You can totally make this pizza with a ball of store bought dough and a jar of sauce, in fact that's exactly what I did while on vacation. We get our pepperoni made for us at Stacey's Butcher Block in Whitehorse and they do an awesome job. If you're just giving bear a try this season I'd recommend taking your meat to Stacy's and having them make some things for you to try, it's a great way to get to know the very unique flavour profile of bear meat without being it getting overwhelming.
There's nothing quite like a well cooked omelette.
The texture of leftover bear ham reminds me of crumbly corned beef, but with that undeniable bear flavour. Kinda somewhere between boar and grass fed beef - kinda.
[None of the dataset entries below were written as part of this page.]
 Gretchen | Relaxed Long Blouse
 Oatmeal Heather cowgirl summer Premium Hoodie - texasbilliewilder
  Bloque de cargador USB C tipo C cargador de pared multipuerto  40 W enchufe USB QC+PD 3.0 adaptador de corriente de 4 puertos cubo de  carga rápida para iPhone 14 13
BEAR HAM AND PORK HOCK BAKED BEANS
4 cups light red kidney beans, soaked overnight
1 celery, finely chopped
1 carrot, finely chopped
1 onion, finely chopped
1 teaspoons smoked paprika
3/4 cups ketchup, divided
5 tablespoons brown sugar, divided
4 sprigs thyme
1/4 cup chopped parsley
1/4 cup molasses
1 tablespoon deli mustard
1 bear ham bone, and any leftover drippings and bits of ham
1 pork hock
1 can of beer
Salt and pepper, to taste
1. Drain the beans and discard the liquid. In a large slow cooked combine soaked beans, celery, carrot, onion, paprika, 1/2 cup ketchup, 2 tablespoons brown sugar, thyme, parsley, molasses and mustard and stir so that all the ingredients are incorporated. Nestle the bear ham bone as well as any trimmings from the ham and the pork hock into the bean mixture then set the slow cooked to high and cook for 4 hours.
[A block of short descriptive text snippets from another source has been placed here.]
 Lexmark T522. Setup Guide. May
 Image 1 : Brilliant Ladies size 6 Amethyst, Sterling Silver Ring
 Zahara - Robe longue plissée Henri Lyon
2. Remove the bear ham bone and the pork hock. When cool enough to handle shred any remaining meat from the bear ham bone and all the meat from the pork hock and add back to beans along with remaining 1/4 cup ketchup, 3 tablespoons brown sugar and the beer and stir to combine. Cook for an additional hour then season to taste with salt and pepper and serve with fresh biscuits or as part of a full English breakfast.